As disciples of Jesus we are to begin with the Eucharist. The Eucharist affords us an encounter with Jesus whereby we receive His grace and learn social justice. Grace and social justice are gifts which are meant to be shared with others. As we share these gifts with others, the grace that the Eucharist provides us will animate, nourish and sustain our apostolate/mission unto the world. Therefore there ought to be a dialectic between our liturgical life and our daily life.
The world needs us to be a Eucharistic people…a people of social justice. For the world needs the encounter with Jesus which we—thanks to Jesus’ reassurance, abiding presence to us, and mission assigned to us—are able to provide. As we ready ourselves for the Year of Mercy announced by Pope Francis, let us recommit ourselves to the Eucharist—the source and summit of our faith from which all our power flows—and to the mission to which it commissions us. Let us commit ourselves to Pope Francis’ call for us to be a church marked by a missionary impulse to go forth out of our comfort zones to those on the peripheries—to encounter others face to face– taking on the dirt, smell, bruises and hurts of the sheep…to be a church for the poor (The Joy of the Gospel, Evangelii Gaudium #’s 27, 20 24, 88 and 198). In doing so we will discover the brilliance of Jesus’ words which we began with today—Not only does the Eucharist reassure us of Jesus’ ongoing presence among us, but if we go forth to all to share our faith we will discover that He remains present to us in and through those whom we serve, for they are the prolongation of the Incarnation for each of us (Pope Francis, The Joy of the Gospel, Evangelii Gaudium #179). Again, as Pope Francis recently opined…A Eucharistic people ought not just kneel before Jesus in the Eucharist but also kneel before Him in the poor. In his first letter to the Corinthians, St. Paul suggests that to celebrate the Eucharist while being indifferent to injustices in our midst is paramount to dismembering/re-crucifying Jesus!

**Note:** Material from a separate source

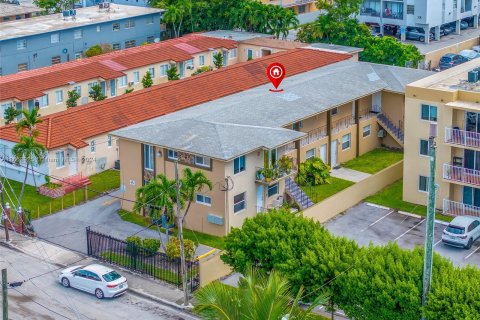 Propiedad comercial en venta en Miami, Florida № 1375414 - foto 1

Do you wish to honor the Body of Christ? Do not ignore Him when He is naked. Do not pay Him homage in the temple clad in silk, only to neglect Him outside where He suffers cold and nakedness. He Who said, “This is My body” is the same One Who said, “You saw me hungry and you gave me no food” and Whatever you did for the least of My brothers, you also did for Me…” The temple of our afflicted neighbor’s body is more holy than the altar of stone on which you celebrate the holy sacrifice…(John Chrysostom, Homily on the Gospel of Matthew).
Allow me to close with offering a syllogism composed by the great pioneering figure of the Liturgical Movement in the United States and zealous proponent of the Eucharist-justice interconnection, Virgil Michel, O.S.B., for us to take with us and to ponder:
…the liturgy is the indispensable source of the true Christian Spirit…the true Christian spirit is indispensable for social regeneration…Hence the conclusion: The liturgy is the indispensable basis of Christian social regeneration (Virgil Michel O.S.B., Liturgy as the Basis of Social Regeneration).